Ecco la sua intervista, liberamente ispirata al Questionario di Proust:
Il tratto principale del tuo carattere? Sono molto aperto ed esprimo sempre quello che penso. Dopo due minuti di chiacchierata sai da che parte sto.
Qual è la qualità che apprezzi di più nei tuoi amici? La lealtà e la limpidezza nelle relazioni.
Il tuo peggior difetto? Il mio peggior difetto è che esprimo quello che penso. Sono interventista.
Cosa ti ha spinto a diventare un fotoreporter? Perché ho capito che la macchina fotografica era un mezzo molto interessante per raccontare soprattutto le mie idee. Dalla bella foto inutile alla foto impegnata politicamente è stato un salto naturale.
Se la fotografia è il racconto di una storia, la tua è una missione umana e sociale? Assolutamente sì. Ho deciso di fare politica, di veicolare le mie idee non con i cortei o con un voto, ma con lo stare dalla parte degli ultimi. Bisogna “sporcarsi” un po’ con l’esistenza degli altri per capire davvero come si sta con altri vestiti. Le bandiere, a volte, sono vuote. La vita non lo è mai.
La cosa più difficile è imparare a vedere o riuscire a trasmettere in uno scatto ciò che sei? Imparare a vedere è difficile ma, studiando, si riesce ad assimilare. Per riuscire a trasmettere, bisogna prima emozionarsi, arrabbiarsi, piangere, indignarsi.
Il tuo passatempo preferito? Sono riuscito a fare del mio passatempo preferito il mio lavoro. Quando ho tempo libero scatto fotografie.
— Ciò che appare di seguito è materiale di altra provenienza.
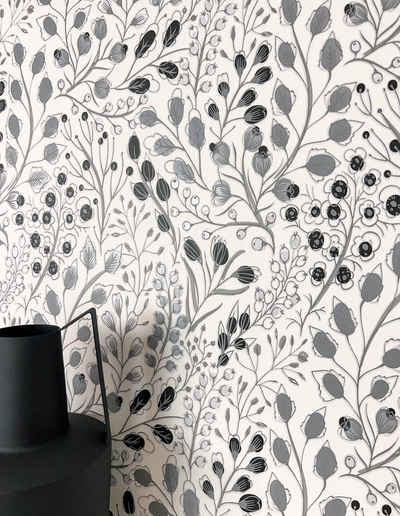 Newroom Vliestapete, Grau Tapete Floral Blätter - Blumentapete Blätter Weiß Schwarz Romantisch 3D Optik Blumen Äste für Schlafzimmer Wohnzimmer Küche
Quando lavoro, scatto fotografie. Sono monotono.
Un aggettivo che ti descrive? Curioso.
Cosa detesti? La zizzania, il sotterfugio, la poca chiarezza.
In un mondo dominato dai social, dall’apparenza e da un eccesso di esposizione attraverso selfie e foto di ogni singolo istante della propria quotidianità, si rischia un analfabetismo visivo? Si rischia la superficialità nelle azioni, nelle relazioni e quindi anche nella fotografia. La fotografia in questo tourbillon di immagini schizofreniche ha perduto il suo peso specifico.
Helmut Newton diceva che l’arte della fotografia consiste nello scoprire, emozionare, catturare: cosa aggiungeresti a questi tre verbi? Aggiungerei “stare”. Bisogna passare del tempo con le persone che vuoi fotografare se vuoi capire di che vita sono fatte.
L’esperienza lavorativa più emozionante? La rotta balcanica con i migranti siriani.
La fotografia è come la scrittura o la musica, un’arte in cui si possono insegnare le tecniche ma non il talento che fa la differenza? Se il talento non è supportato dallo studio, dall’allenamento, dalla cultura, non serve a niente.
Esistono supereroi nella realtà? Sì, le persone che si spendono per gli altri senza un tornaconto economico. Di solito non fanno rumore.
Un dono che vorresti avere? Vorrei essere meno pesante… ma con il mestiere che faccio, la vedo un po’ difficile.
Per cosa vorresti essere stimato? Per la lealtà.
Lascia scritto il tuo motto della vita: “La fotografia mi permette di entrare nelle vite degli altri.
Quando torno nella mia non sono più lo stesso.”